Artista clave del pop art, y de quien Barcelona tiene una maravillosa escultura pública de la época de los Juegos Olímpicos, murió en 1997 y al año siguiente se formalizó su fundación para gestionar su legado y promocionar nuevas generaciones de artistas. Acorde con estos fines fundacionales, el gran beneficiario de la primera ronda de donaciones fue el Whitney Museum for American Art, quien tuvo la posibilidad de escoger, de entre todo el legado, más de 400 obras que complementarán las 26 que ya poseen, con la voluntad de formar un cuerpo propio y ayudar a entender mejor el arte de su tiempo. Paralelamente, los archivos irán al Smithsonian Archive of American Art, para ser digitalizados.
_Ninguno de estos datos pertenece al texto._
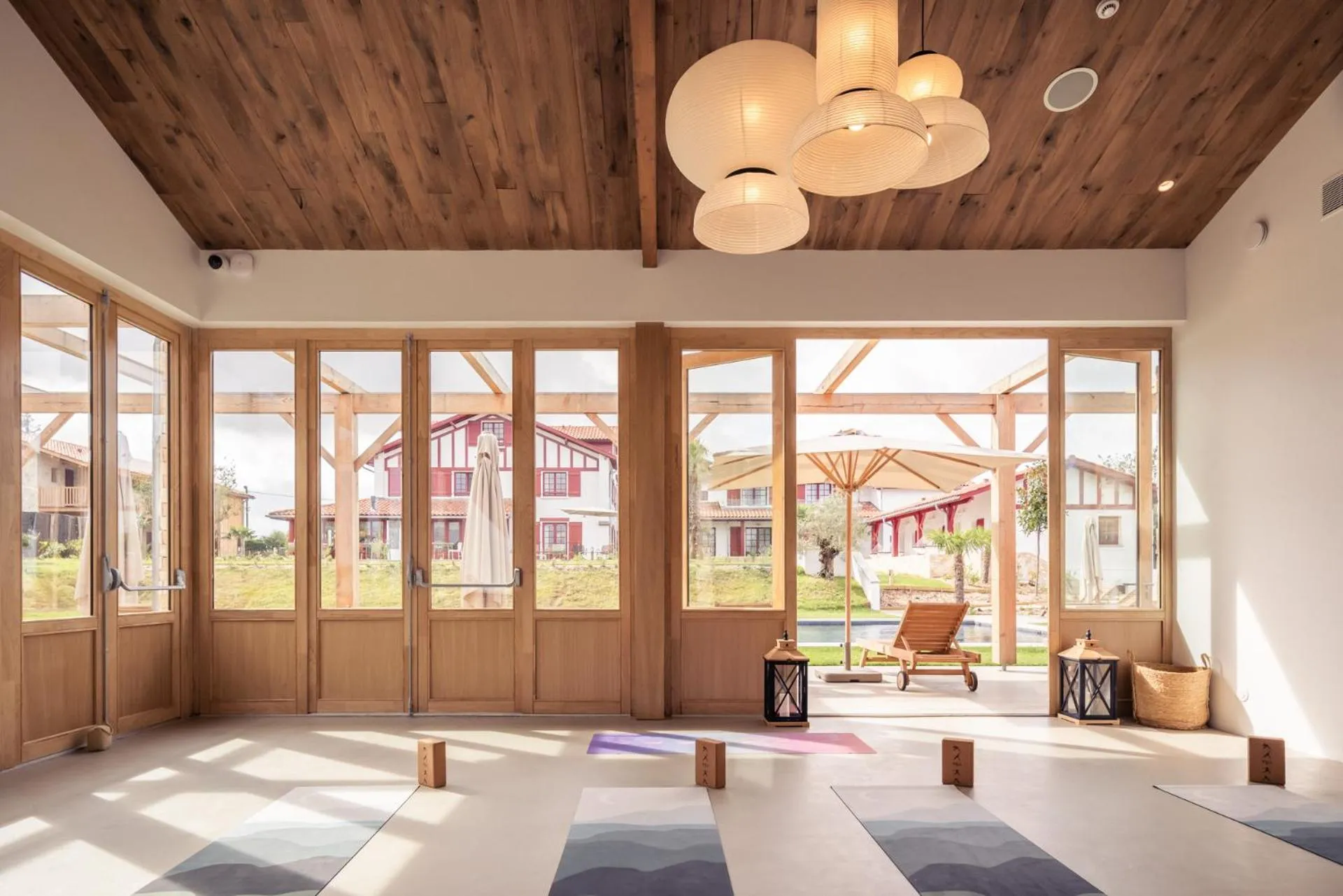 Fitness centre/facilities in Hôtel INDARRA & SPA - Piscine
Este será un proceso que muchas otras fundaciones de artistas observarán muy de cerca, porque el hecho de que cada artista cree su propia fundación, si bien les permite mantener el control y gestión de su obra, e incluso una vez muertos, seguir con su misión predefinida, es poco sostenible. Una fundación es una institución jurídica costosa y al margen de donarle la obra es necesario dotarla de fondos suficientes para que tenga viabilidad financiera. En Barcelona mismo hemos visto estos últimos años como algunas de ellas languidecían o incluso desaparecían. Por lo que ante la proliferación de tantas fundaciones de artistas, la estrategia de la Lichtenstein de integrar sus mejores obras en un museo de referencia con quien comparte misión puede suponer un espaldarazo para el conocimiento y la divulgación del artista.